Le World Socialist Web Site apporte son soutien aux travailleurs qui prennent part à la manifestation du 13 octobre et à la grève du 18 octobre contre les énormes attaques sociales du président Nicolas Sarkozy. Ce mouvement a un rôle essentiel à jouer, étant la première expression organisée de l’opposition des travailleurs à la politique réactionnaire du nouveau gouvernement.

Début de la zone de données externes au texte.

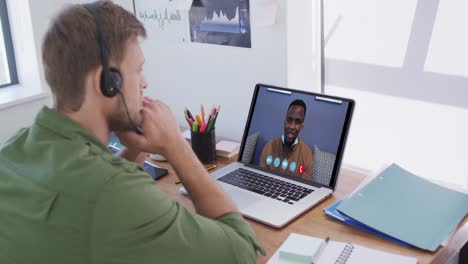 Caucasian-man-using-laptop-and-phone-headset-on-video-call-with-male-colleague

Malgré l’aura passagère de popularité que les médias capitalistes ont créée autour de Sarkozy, la promotion de l’inégalité sociale que cette politique incarne a déjà été rejetée à plusieurs reprises par les Français. Aucune des mesures actuellement annoncées — fin des régimes spéciaux de retraite qui concernent 1,6 million d’employés du service public, réforme du code du travail afin de faciliter l’embauche et le licenciement, imposition dissuasive et pénalisation de la retraite anticipée, pour n’en citer que quelques-unes — ne sont pas des nouveautés.

De similaires attaques sur les retraites, proposées par Alain Juppé en 1995 et Jean-Pierre Raffarin et François Fillon en 2003 et le Contrat première embauche (CPE) de Dominique de Villepin en 2006 avaient déclenché des manifestations auxquelles avaient pris part des millions de personnes et avaient été massivement soutenues par la population.

Néanmoins, avec Sarkozy, les travailleurs sont confrontés à un adversaire politique d’un genre très différent, beaucoup plus à droite que ses prédécesseurs. Il ne fait pas un secret de sa détermination à mettre en place sa politique, malgré toute cette opposition, au nom de la « rupture » d’avec l’ancien ordre social.

Pour ce faire, Sarkozy recrute dans son gouvernement des représentants du Parti socialiste et collabore avec les dirigeants syndicaux dans ses attaques contre la classe ouvrière, tout en courtisant en même temps l’extrême-droite. Peu après avoir été élu, il a invité pour la première fois au palais présidentiel de l’Elysée le dirigeant néofasciste du Front national, Jean-Marie Le Pen. Son ministère de l’Immigration et de l’identité nationale a commencé des rafles à grande échelle de milliers d’immigrés et contraint à présent les étrangers qui souhaitent, par le regroupement familial, rejoindre leur famille installée en France, à se soumettre à des tests ADN, une mesure en violation des droits humains fondamentaux.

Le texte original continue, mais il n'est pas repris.